* Exercise *
Transcribe precisely, and only, the lines beginning at the line containing "GRISE（グリーズ）の「G" and ending at the final line of the material below.

-------- Supplied data

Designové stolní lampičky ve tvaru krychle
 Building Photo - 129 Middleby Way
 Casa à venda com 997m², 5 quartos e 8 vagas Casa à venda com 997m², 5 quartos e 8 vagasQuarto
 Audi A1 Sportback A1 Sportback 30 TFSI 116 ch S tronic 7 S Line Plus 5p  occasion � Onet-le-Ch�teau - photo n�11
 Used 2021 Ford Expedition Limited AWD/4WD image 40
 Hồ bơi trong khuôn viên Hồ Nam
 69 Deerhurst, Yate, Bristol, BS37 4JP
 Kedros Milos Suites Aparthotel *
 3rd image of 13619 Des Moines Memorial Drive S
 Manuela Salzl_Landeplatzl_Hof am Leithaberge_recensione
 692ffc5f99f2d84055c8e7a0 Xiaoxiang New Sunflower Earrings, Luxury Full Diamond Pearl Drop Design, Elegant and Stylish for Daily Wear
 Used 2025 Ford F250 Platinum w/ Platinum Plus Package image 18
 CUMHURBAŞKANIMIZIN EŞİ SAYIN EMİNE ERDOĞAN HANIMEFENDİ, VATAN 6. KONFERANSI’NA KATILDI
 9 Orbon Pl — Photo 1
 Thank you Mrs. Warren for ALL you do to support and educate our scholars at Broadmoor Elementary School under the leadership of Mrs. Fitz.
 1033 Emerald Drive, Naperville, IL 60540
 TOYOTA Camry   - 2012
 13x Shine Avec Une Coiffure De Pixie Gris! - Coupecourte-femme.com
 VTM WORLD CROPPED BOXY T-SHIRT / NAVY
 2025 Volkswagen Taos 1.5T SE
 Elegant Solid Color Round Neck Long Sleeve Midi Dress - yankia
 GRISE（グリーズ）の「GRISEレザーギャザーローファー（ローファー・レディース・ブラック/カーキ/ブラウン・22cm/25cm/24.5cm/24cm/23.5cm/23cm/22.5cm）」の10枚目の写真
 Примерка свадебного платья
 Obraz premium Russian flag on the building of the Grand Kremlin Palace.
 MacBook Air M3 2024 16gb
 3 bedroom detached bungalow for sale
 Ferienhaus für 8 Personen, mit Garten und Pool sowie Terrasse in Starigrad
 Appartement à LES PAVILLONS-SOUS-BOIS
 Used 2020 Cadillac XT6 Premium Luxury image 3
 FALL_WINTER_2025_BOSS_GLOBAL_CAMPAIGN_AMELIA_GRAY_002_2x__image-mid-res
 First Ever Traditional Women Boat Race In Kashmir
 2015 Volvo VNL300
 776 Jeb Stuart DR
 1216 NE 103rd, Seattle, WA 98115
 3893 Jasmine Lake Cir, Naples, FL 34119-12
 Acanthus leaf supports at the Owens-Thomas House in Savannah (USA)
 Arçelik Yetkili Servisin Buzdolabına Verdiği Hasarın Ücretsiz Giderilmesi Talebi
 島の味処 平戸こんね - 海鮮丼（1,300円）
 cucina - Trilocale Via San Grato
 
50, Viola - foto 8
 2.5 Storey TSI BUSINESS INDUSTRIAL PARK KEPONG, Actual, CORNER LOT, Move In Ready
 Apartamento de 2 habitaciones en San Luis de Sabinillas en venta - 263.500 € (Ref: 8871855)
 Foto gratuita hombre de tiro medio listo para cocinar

----------------

* Exercise solution *
 GRISE（グリーズ）の「GRISEレザーギャザーローファー（ローファー・レディース・ブラック/カーキ/ブラウン・22cm/25cm/24.5cm/24cm/23.5cm/23cm/22.5cm）」の10枚目の写真
 Примерка свадебного платья
 Obraz premium Russian flag on the building of the Grand Kremlin Palace.
 MacBook Air M3 2024 16gb
 3 bedroom detached bungalow for sale
 Ferienhaus für 8 Personen, mit Garten und Pool sowie Terrasse in Starigrad
 Appartement à LES PAVILLONS-SOUS-BOIS
 Used 2020 Cadillac XT6 Premium Luxury image 3
 FALL_WINTER_2025_BOSS_GLOBAL_CAMPAIGN_AMELIA_GRAY_002_2x__image-mid-res
 First Ever Traditional Women Boat Race In Kashmir
 2015 Volvo VNL300
 776 Jeb Stuart DR
 1216 NE 103rd, Seattle, WA 98115
 3893 Jasmine Lake Cir, Naples, FL 34119-12
 Acanthus leaf supports at the Owens-Thomas House in Savannah (USA)
 Arçelik Yetkili Servisin Buzdolabına Verdiği Hasarın Ücretsiz Giderilmesi Talebi
 島の味処 平戸こんね - 海鮮丼（1,300円）
 cucina - Trilocale Via San Grato
 
50, Viola - foto 8
 2.5 Storey TSI BUSINESS INDUSTRIAL PARK KEPONG, Actual, CORNER LOT, Move In Ready
 Apartamento de 2 habitaciones en San Luis de Sabinillas en venta - 263.500 € (Ref: 8871855)
 Foto gratuita hombre de tiro medio listo para cocinar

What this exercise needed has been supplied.